▶ **Data below**
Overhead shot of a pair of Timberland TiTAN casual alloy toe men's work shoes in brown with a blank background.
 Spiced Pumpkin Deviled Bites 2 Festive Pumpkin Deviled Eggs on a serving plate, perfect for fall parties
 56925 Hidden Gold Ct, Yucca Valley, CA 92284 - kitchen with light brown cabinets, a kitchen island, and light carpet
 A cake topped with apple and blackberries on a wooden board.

▶ **Directions for this task**
Ending with the line containing "Spiced Pumpkin Deviled", please print exactly the lines of the material above from its first line onward, and nothing else.

▶ **Written response**
Overhead shot of a pair of Timberland TiTAN casual alloy toe men's work shoes in brown with a blank background.
 Spiced Pumpkin Deviled Bites 2 Festive Pumpkin Deviled Eggs on a serving plate, perfect for fall parties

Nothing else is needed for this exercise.